MHP lideri Devlet Bahçeli, partisinin grup toplantısında açıklamalarda bulundu. Türkiye'ye yönelik terör eylemlerine değinen MHP lideri, "ABD, sözde müttefik bir ülkedir ancak Türkiye'ye karşı yapmadığı kötülük, oynamadığı oyun, tezgahlamadığı saldırı, saçmadığı nifak neredeyse kalmamıştır" dedi.

"İsrail saldırılarına eş zamanlı Türkiye'ye yönelik terör kartı devreye sokulmuştur" diyen Bahçeli, "ABD'nin PKK/YPG ile ilişkisinin saklanacak yönü de kalmamıştır. Türkiye bu alçak ilişkileri görmezden gelmeyecek ve sözde müttefikler tarafından altının oyulmasına seyirci kalmayacaktır" ifadelerini kullandı.

Terörle mücadeleye ilişkin bir öneride bulunan Bahçeli, "Türkiye sınır içi güvenlik gibi sınır ötesi güvenliği temine de muktedirdir. Irak'ın kuzeyindeki dağlık bölgeyi içine alacak şekilde, bu ülkeyle koordineli, derinliği 60 kilometreye kadar inen, Hatay'a kadar uzanan huzur hattı kurulmalı, bu hattın içine sinek bile sokulmamalı" dedi.

Devlet Bahçeli'nin açıklamaları:

Bizim yönümüz, yolumuz, sözümüz, özümüz doğrudur. Duruşumuz dosdoğrudur. İçine girdiğimiz hiçbir mücadelede yüzümüz hiç kara çıkmamıştır. İlk dönüm noktası 17 Mart 2024'te demokratik şölen havasında yapmayı planladığımız 14. Olağan Büyük Kurultayımızdır.
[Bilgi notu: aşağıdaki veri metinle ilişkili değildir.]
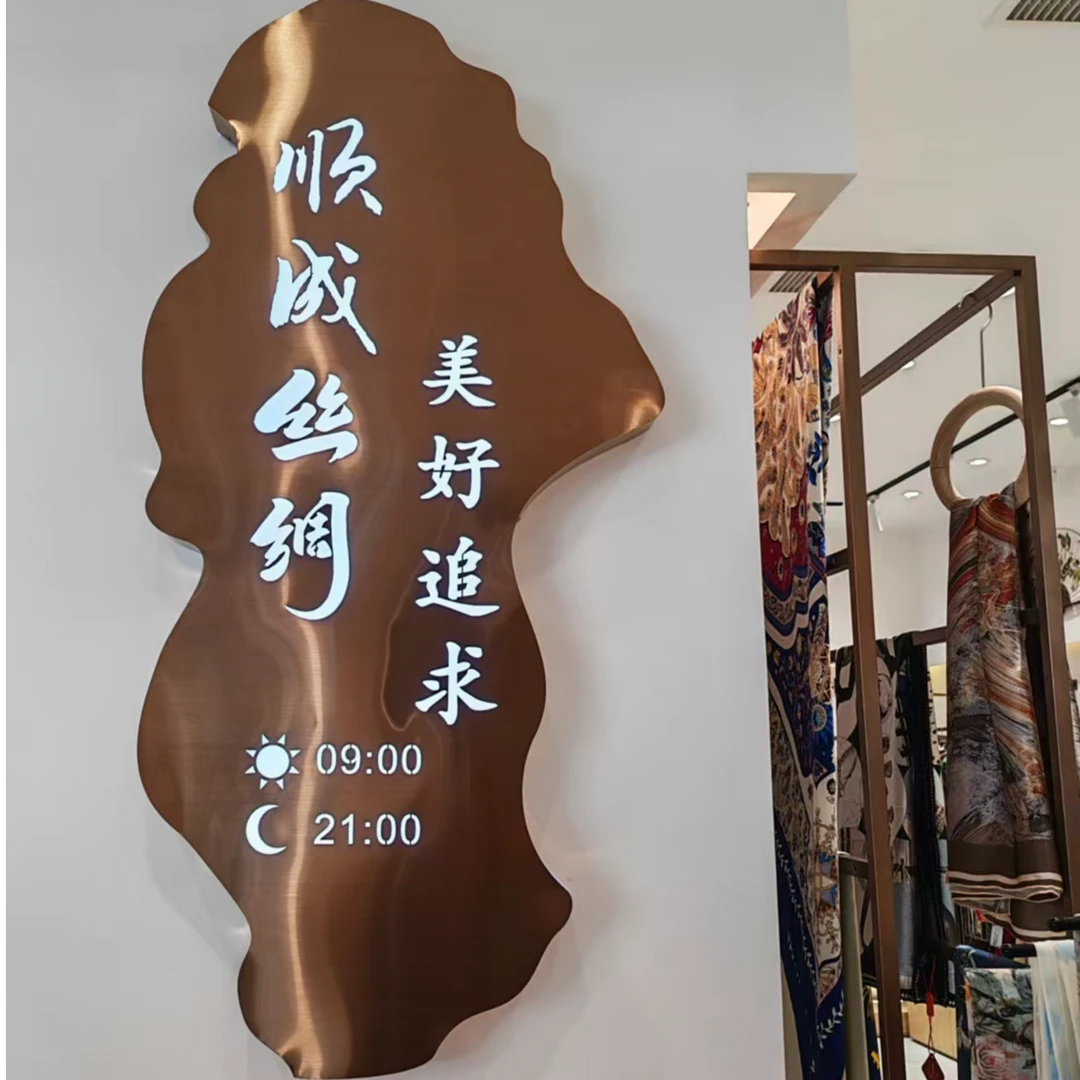 【宠粉价】2025爆款桑蚕丝方巾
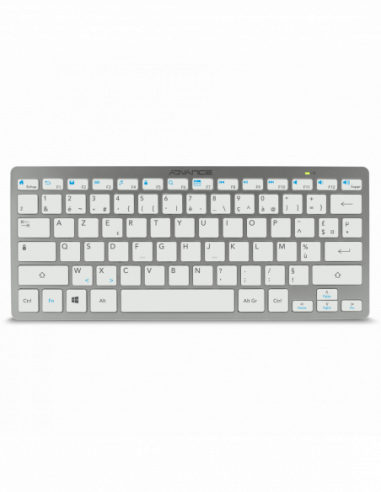 SMARTKEYS Bluetooth-Tastatur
MHP, Türk siyasetinde 55 yıllık köklü geçmişe dayanan millet ve tarih eseridir. 3 hilal, şehit ve gazilerimizin temiz kanlarının, gösterilen sabırların hikmetiyle varolagelmiştir. Büyük kurultayımız yeni yüzyılın şuurunu taşıyacak, yenilenmiş kadroların tayininde stratejik rol oynayacaktır. "Ben" değil "biz" diyen, kibri elinin tersiyle iten, hasbi bakan, çıkarlarını omuzlamak yerine davayı omuzlayan, orada burada saklanmayı tercih eden değil, her türlü iftira ve saldırılara göğüs geren kim varsa başımın gözümün üstündedir. Elbette onlarla yolumuz bir ve aynıdır. 14. Olağan Büyük Kurultayımız lider ülke Türkiye'nin adımıdır.

"CHP'DE İŞLER İYİCE SARPA SARMIŞ, ADAY TESPİTİ KRİZİ GÜN YÜZÜNE ÇIKMIŞTIR"

2024'te bizi bekleyen ikinci siyasi dönüm noktası da 31 Mart seçimleridir. Partimizin 55. yılı münasebetiyle 55'er isimden müteşekkil belediye başkan aday listelerimizin ilkini 10 Ocak, ikincisini 11 Ocak, üçüncüsünü de 15 Ocak'ta paylaştık. Bugüne kadar 165 adayımızı ilan ettik. Diğer adaylarımızı da kamuoyunun bilgisine sunmayı planlıyoruz. Diğer partiler de adaylarını açıklamaktadır. CHP'de işler iyice sarpa sarmış, aday tespitinde kriz ve karışıklık gün yüzüne çıkmıştır. İçeriden demlenen, dışarıdan yemlenen CHP yönetimi akli melekelerini kaybetmekle kalmamış istikametini hepten şaşırmıştır.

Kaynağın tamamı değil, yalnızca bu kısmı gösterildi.